For no particular reason, I will begin with resales. I only note “no particular reason” because I don’t want to give the impression that I chose resales first because they are better or saved new homes for last because they are best. In any case, onward we go!
Pros of resales:
~ They usually come with window treatments and/or coverings, which are surprisingly expensive… especially since each window needs them.
~ Often, the washer and dryer are included because they are already fitted and installed to the allotted space.
~ Similarly, major kitchen appliances will likely stay. They are difficult to move and already fitted and installed. This is a substantial expense, both monetarily and in effort.
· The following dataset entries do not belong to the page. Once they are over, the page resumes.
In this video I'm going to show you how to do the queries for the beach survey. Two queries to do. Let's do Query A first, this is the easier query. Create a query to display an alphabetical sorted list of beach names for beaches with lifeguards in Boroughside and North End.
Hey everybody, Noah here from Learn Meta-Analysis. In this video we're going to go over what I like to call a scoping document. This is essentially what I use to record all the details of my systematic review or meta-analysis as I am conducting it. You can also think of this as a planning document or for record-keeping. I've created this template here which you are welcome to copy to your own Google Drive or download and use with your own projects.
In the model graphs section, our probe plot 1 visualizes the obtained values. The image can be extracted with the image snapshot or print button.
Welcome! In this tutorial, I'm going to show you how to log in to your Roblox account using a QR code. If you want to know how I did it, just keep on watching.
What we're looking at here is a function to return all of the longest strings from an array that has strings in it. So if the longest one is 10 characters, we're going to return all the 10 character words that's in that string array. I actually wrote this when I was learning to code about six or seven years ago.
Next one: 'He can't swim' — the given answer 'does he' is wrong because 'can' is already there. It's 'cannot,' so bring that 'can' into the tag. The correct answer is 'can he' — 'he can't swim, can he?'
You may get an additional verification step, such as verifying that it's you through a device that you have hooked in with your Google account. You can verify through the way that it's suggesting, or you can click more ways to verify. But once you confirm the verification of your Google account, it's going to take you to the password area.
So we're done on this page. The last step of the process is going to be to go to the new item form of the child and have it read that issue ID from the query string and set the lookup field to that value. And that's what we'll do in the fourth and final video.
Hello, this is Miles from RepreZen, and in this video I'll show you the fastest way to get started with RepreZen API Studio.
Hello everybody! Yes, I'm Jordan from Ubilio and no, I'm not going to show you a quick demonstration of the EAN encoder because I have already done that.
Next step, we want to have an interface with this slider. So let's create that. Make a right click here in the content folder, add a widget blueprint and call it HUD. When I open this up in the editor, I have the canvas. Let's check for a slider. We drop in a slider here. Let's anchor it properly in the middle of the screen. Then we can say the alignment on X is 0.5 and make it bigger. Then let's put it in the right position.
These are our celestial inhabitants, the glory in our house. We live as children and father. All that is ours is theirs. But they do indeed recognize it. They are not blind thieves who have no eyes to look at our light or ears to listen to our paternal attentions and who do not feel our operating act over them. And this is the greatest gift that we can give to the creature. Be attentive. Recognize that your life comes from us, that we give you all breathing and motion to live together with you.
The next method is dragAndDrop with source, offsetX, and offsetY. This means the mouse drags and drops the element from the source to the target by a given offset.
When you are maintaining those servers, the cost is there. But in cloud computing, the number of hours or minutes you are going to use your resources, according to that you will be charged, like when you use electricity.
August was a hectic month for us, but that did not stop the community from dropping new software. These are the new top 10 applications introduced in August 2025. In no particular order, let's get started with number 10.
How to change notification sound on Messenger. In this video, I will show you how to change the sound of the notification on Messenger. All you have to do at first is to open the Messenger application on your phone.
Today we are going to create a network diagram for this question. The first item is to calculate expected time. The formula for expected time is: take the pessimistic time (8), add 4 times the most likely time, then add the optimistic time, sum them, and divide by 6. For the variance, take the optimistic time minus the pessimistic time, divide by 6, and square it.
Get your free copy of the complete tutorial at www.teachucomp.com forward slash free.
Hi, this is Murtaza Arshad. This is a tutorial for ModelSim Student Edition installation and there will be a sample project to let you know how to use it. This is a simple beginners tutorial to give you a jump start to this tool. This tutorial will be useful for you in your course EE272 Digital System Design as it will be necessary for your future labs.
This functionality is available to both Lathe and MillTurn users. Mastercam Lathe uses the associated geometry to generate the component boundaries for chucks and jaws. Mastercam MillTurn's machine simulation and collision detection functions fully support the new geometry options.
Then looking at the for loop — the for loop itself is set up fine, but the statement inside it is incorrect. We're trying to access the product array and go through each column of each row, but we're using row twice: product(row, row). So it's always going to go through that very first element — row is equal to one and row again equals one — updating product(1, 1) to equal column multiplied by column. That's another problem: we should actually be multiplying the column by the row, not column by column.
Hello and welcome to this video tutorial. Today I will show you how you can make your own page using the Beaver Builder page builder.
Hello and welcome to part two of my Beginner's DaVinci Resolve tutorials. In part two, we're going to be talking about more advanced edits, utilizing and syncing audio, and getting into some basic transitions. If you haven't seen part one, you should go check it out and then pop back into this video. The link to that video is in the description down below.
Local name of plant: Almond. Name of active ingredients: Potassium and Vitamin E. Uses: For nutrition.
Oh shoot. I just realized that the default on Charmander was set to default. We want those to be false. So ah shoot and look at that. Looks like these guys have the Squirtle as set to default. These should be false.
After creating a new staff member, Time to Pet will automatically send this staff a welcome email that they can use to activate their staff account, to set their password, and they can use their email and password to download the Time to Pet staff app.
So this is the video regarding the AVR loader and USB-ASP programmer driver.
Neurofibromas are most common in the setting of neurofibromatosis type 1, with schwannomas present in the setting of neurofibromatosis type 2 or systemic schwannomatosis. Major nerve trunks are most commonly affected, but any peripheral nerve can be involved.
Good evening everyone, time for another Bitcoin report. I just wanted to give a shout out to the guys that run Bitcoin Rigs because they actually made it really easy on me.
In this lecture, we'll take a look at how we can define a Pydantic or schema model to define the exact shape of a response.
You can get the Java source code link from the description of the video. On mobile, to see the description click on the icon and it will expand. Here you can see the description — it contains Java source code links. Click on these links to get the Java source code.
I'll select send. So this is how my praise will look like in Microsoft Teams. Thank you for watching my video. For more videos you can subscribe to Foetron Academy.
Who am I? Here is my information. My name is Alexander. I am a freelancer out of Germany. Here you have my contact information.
~ Many resale homes have landscaping already in place and a fenced yard, again, saving money and loads of time.
~ It’s a commonly held belief that a long-established neighborhood is more likely to protect property values than first-phase or newer developing communities.
~ Resales are often more structurally sound, as most homes do their settling within the first ten years.
~ Finally, (and this is a biggie!), you may have a bigger bargaining chip on the price of a resale.
Cons of resales:
~ The bulk of resales will need repaint jobs. Usually the interior needs touch-ups, but sometimes the exterior will, as well. While this isn’t expensive, relatively speaking, it definitely takes time and patience, and it’s important to do it properly.
~ Over time, flooring wears down, warranting replacement, and previous owners sometimes leave that task to the buyers.
~ Older homes usually experience more plumbing issues, as the systems are less advanced. This can mean regular maintenance and repairs, or a costly full replacement.
~ As energy efficient solutions evolve, resale homes are left lagging – historical homes often being especially inefficient.